■ **Prompt**:
Among the entries below, only the lines from the one with "Certified 2025 Porsche Macan image 57" through the one with "LOUIS VUITTON LV" are to be retyped, exactly and without pictures.

■ **Extracted records**:
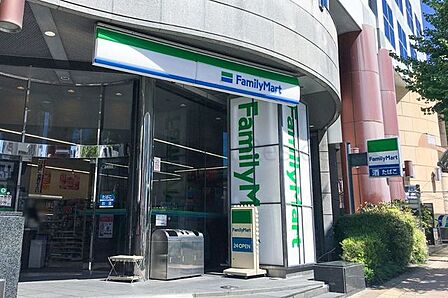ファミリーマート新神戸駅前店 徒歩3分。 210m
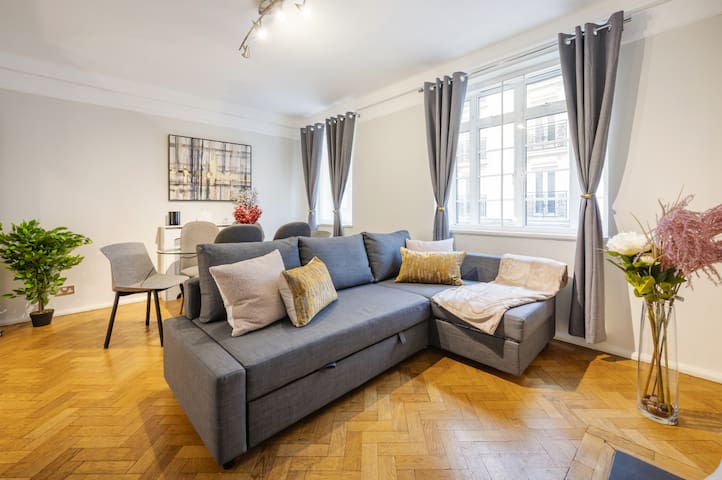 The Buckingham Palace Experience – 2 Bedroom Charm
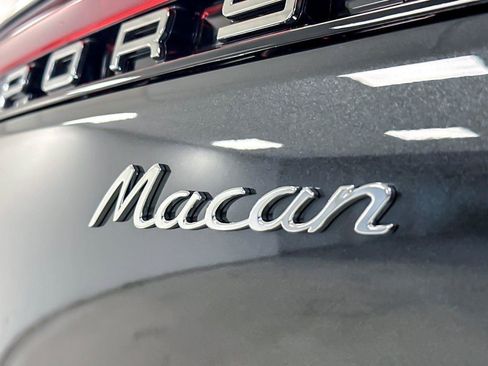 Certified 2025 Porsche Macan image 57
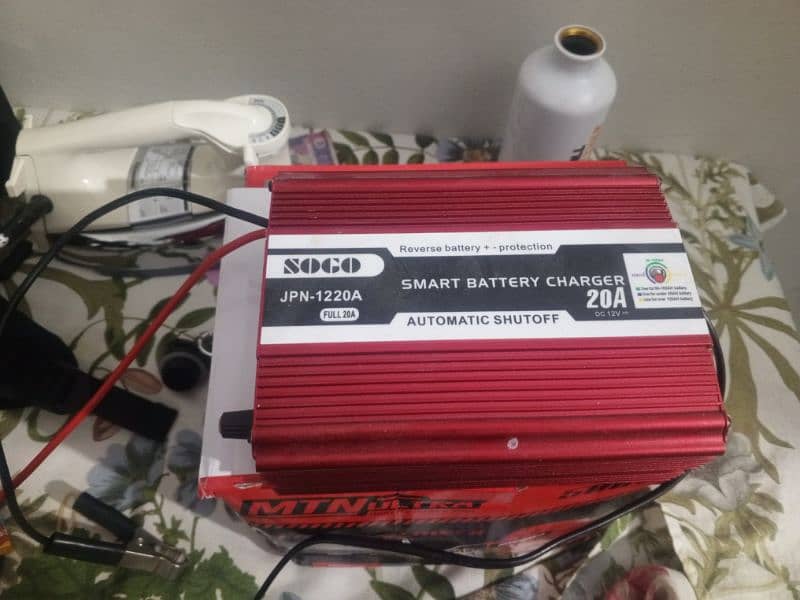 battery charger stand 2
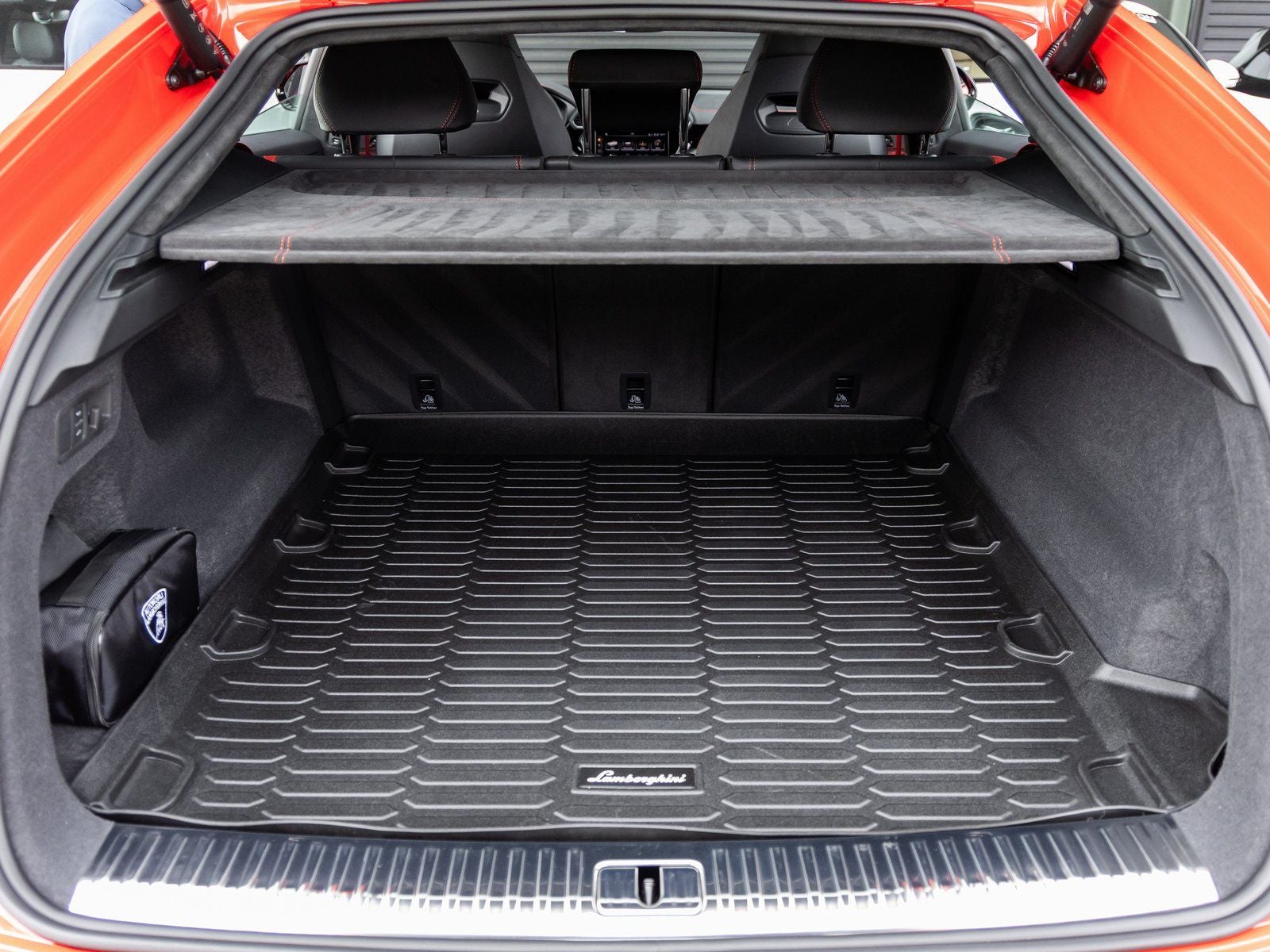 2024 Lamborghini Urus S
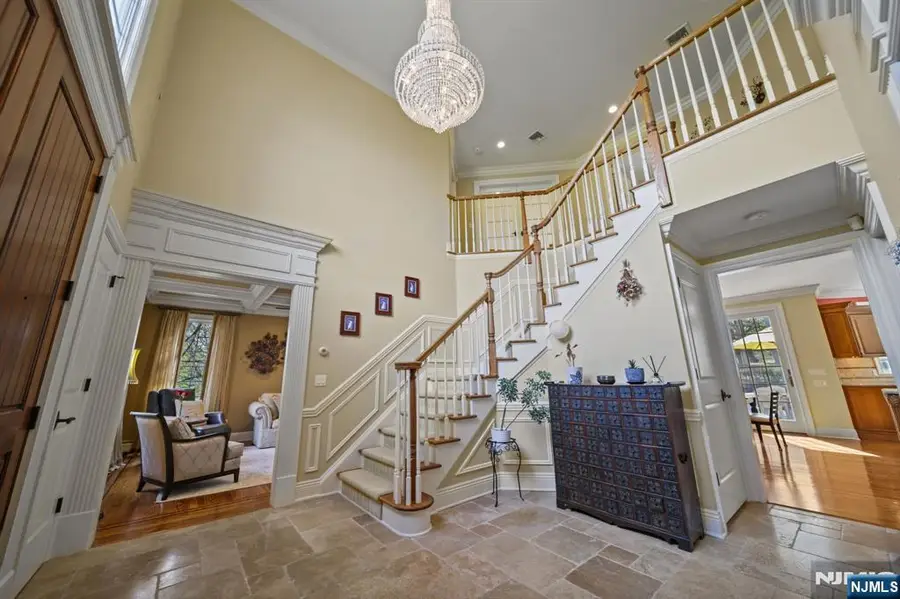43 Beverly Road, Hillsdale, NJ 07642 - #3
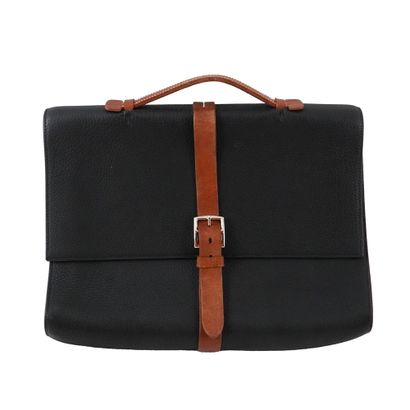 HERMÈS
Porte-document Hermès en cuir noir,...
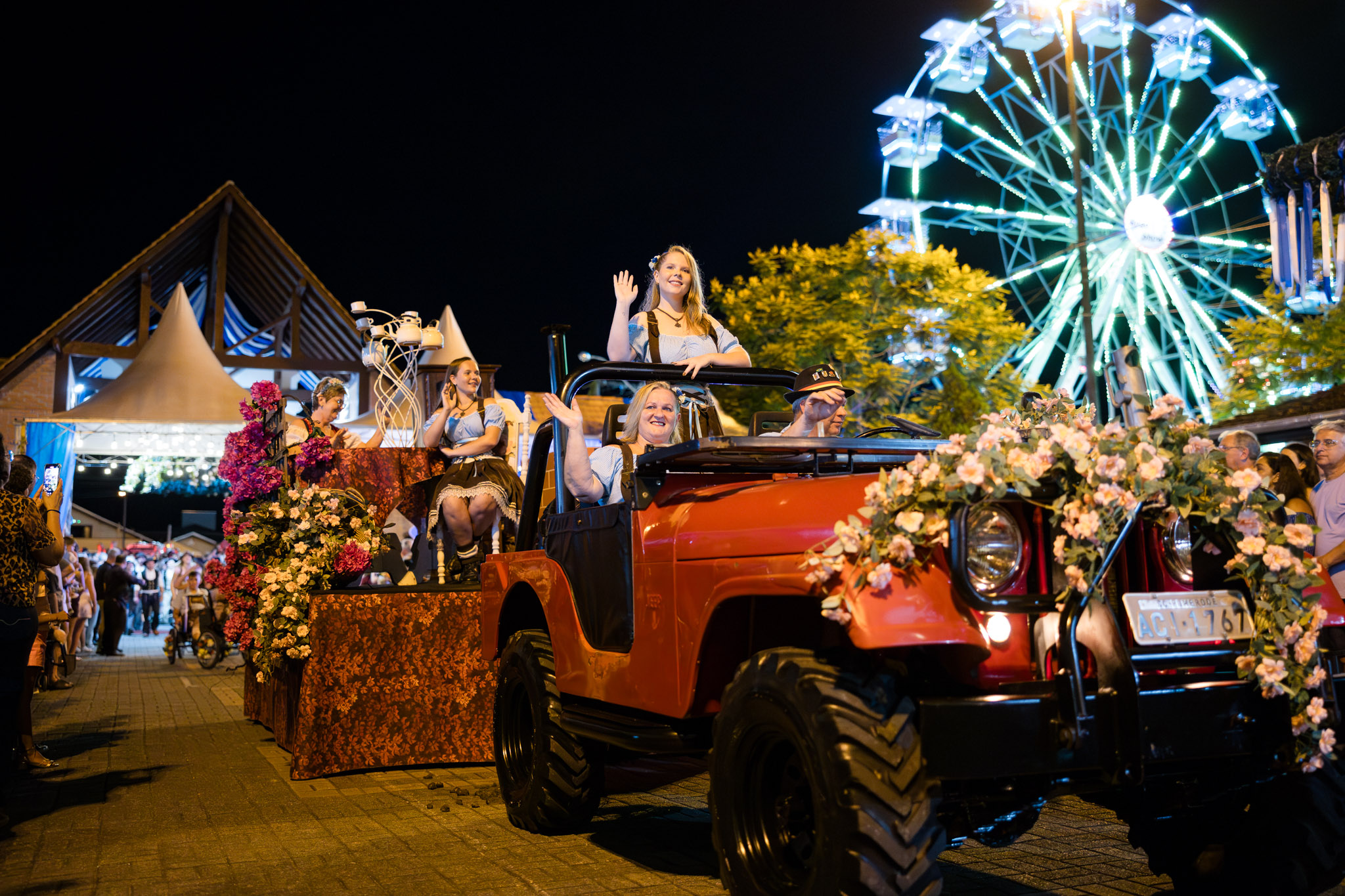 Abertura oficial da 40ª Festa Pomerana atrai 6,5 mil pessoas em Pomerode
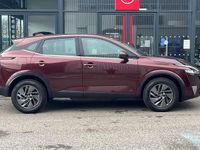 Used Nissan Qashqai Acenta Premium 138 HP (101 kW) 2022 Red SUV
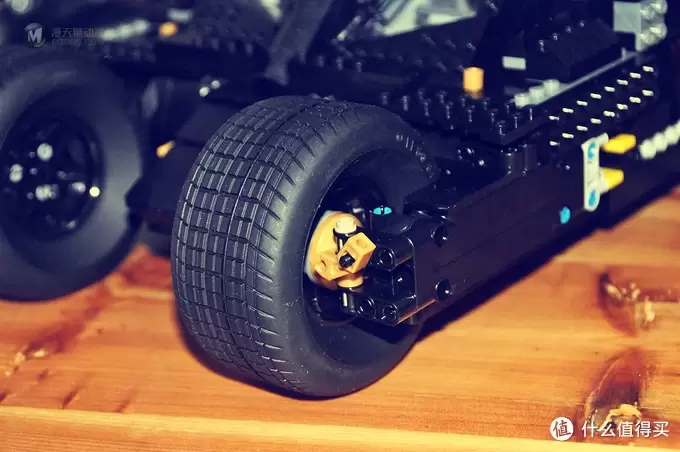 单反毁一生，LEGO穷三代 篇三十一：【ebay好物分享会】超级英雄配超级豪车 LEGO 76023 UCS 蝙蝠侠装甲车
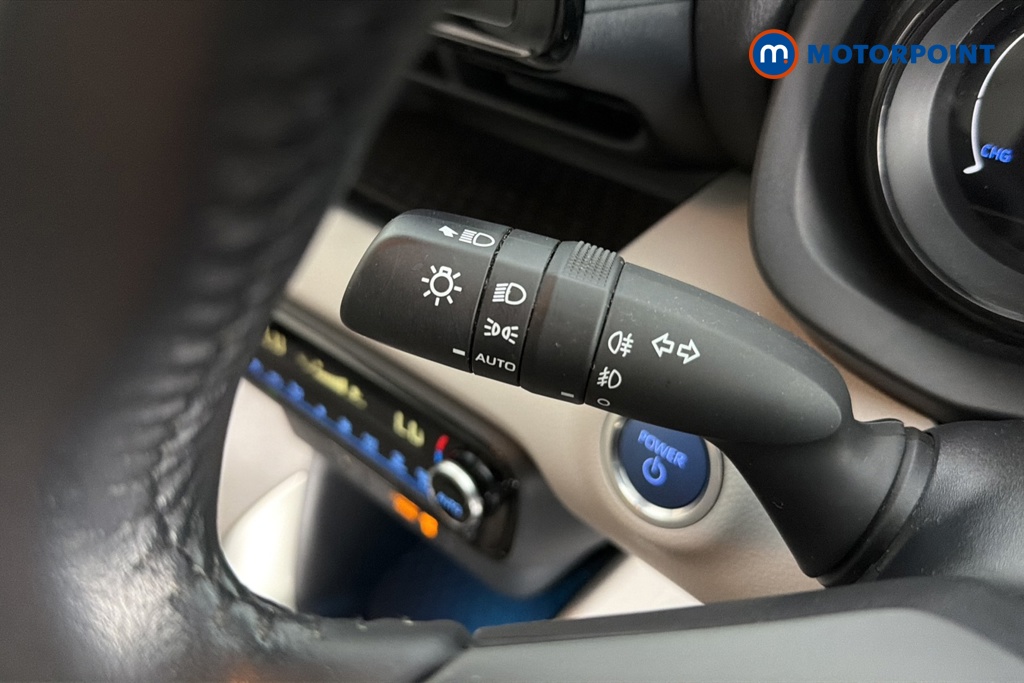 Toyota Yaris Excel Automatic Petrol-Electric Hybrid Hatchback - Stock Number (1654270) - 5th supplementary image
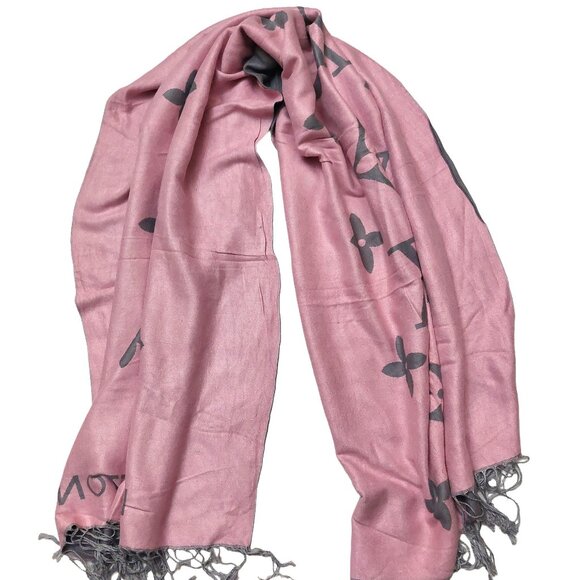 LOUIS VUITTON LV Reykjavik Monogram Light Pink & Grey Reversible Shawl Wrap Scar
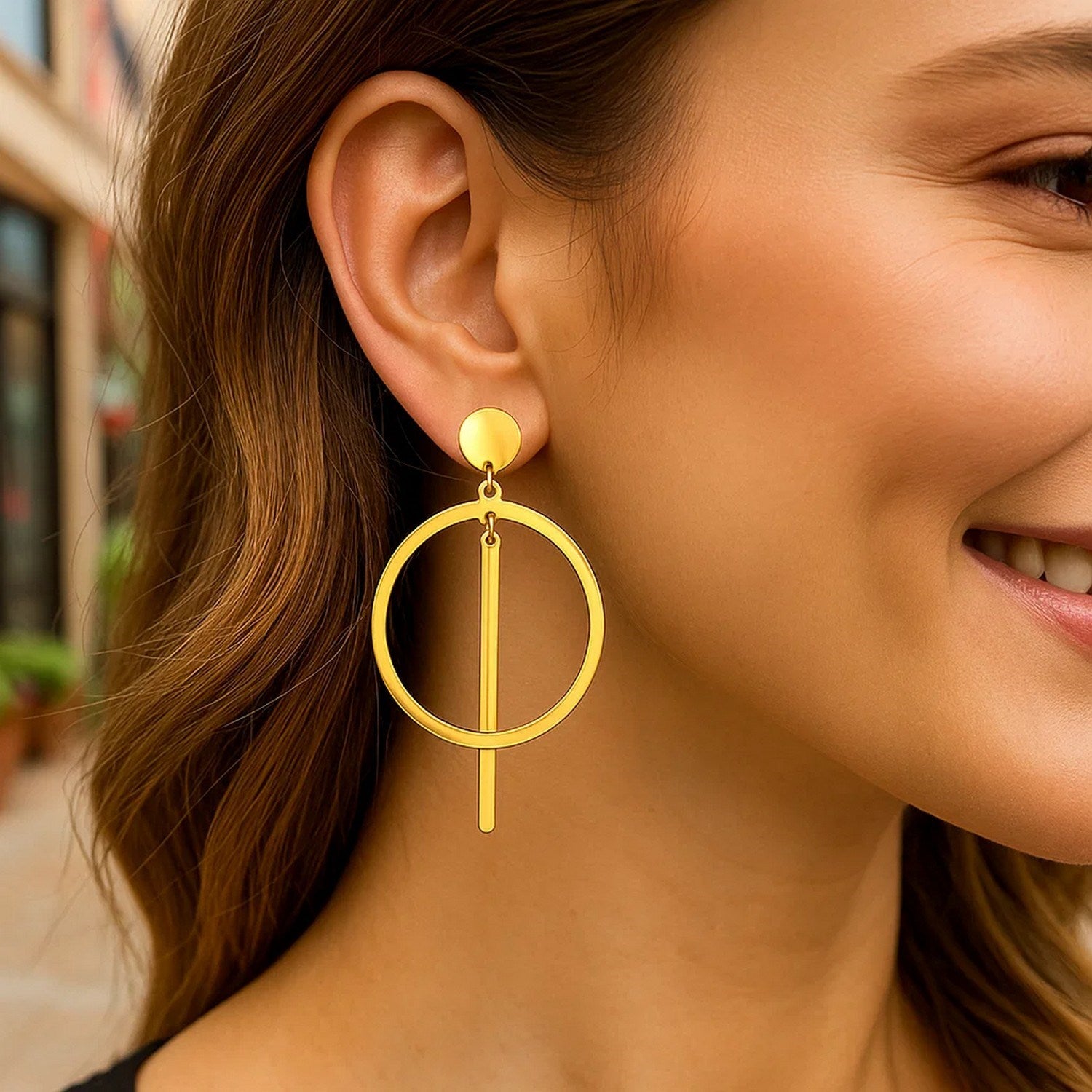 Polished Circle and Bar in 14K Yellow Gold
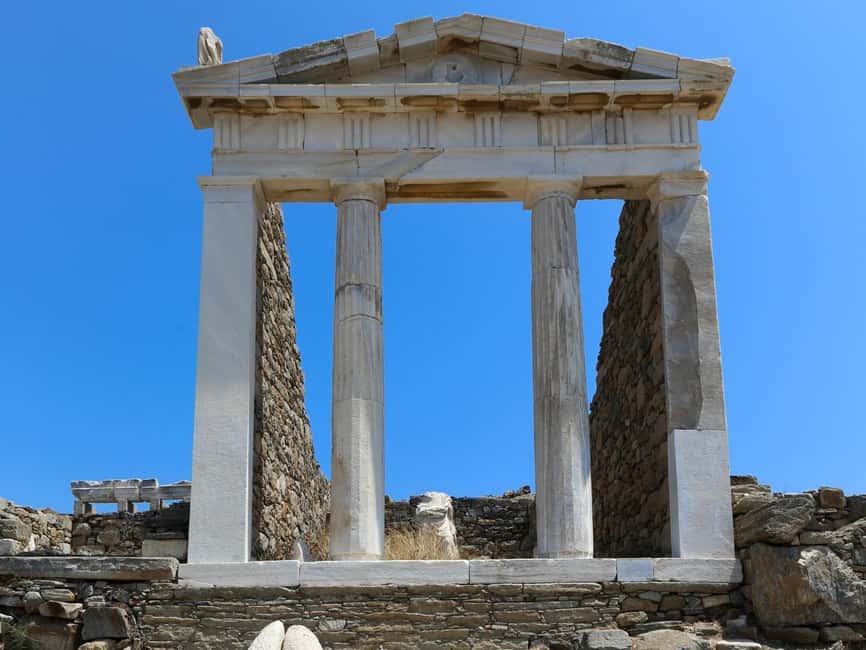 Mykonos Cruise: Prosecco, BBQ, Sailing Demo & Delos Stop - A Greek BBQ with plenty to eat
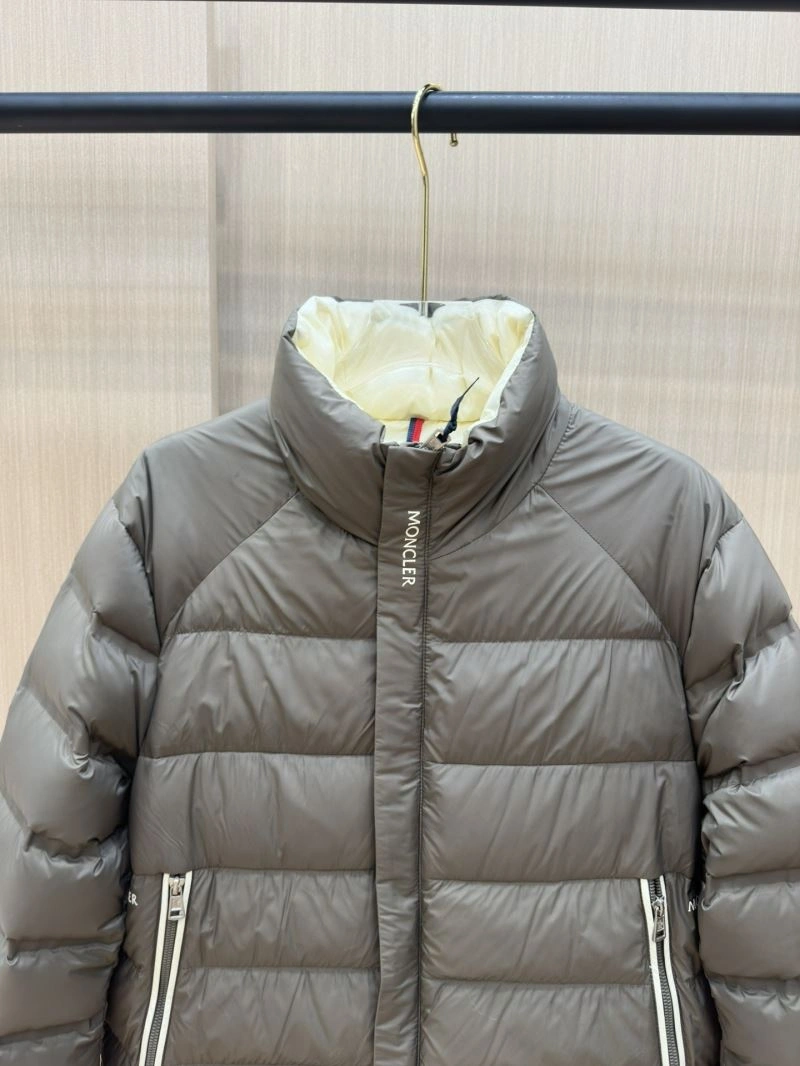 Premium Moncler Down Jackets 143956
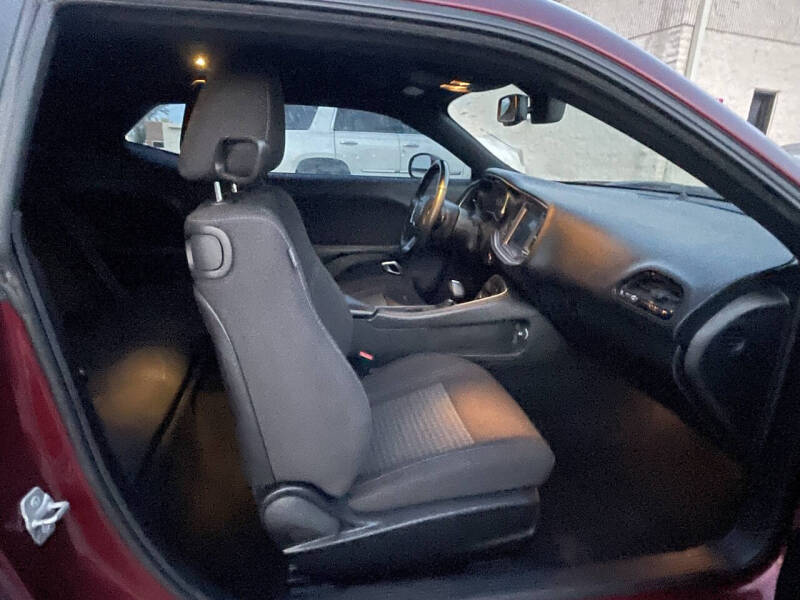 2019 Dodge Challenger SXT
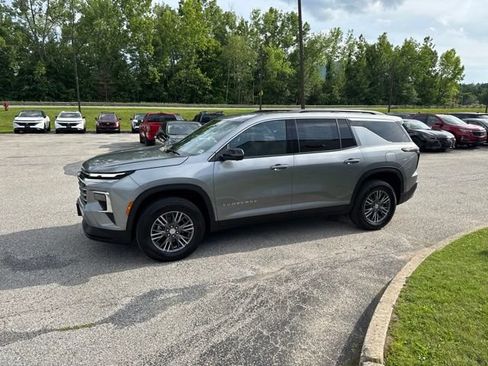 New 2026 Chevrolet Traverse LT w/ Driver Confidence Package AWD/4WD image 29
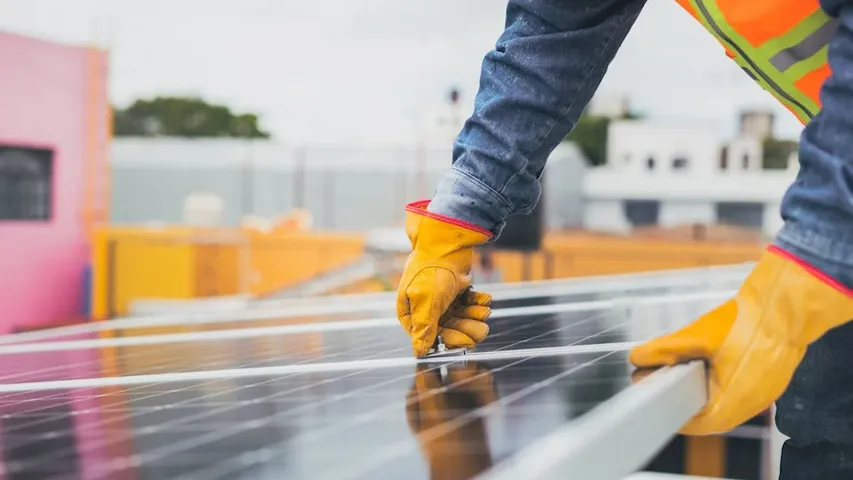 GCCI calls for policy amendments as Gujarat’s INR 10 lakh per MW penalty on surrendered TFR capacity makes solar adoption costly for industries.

■ **Expected answer**:
 Certified 2025 Porsche Macan image 57
 battery charger stand 2
 2024 Lamborghini Urus S
43 Beverly Road, Hillsdale, NJ 07642 - #3
 HERMÈS
Porte-document Hermès en cuir noir,...
 Abertura oficial da 40ª Festa Pomerana atrai 6,5 mil pessoas em Pomerode
 Used Nissan Qashqai Acenta Premium 138 HP (101 kW) 2022 Red SUV
 单反毁一生，LEGO穷三代 篇三十一：【ebay好物分享会】超级英雄配超级豪车 LEGO 76023 UCS 蝙蝠侠装甲车
 Toyota Yaris Excel Automatic Petrol-Electric Hybrid Hatchback - Stock Number (1654270) - 5th supplementary image
 LOUIS VUITTON LV Reykjavik Monogram Light Pink & Grey Reversible Shawl Wrap Scar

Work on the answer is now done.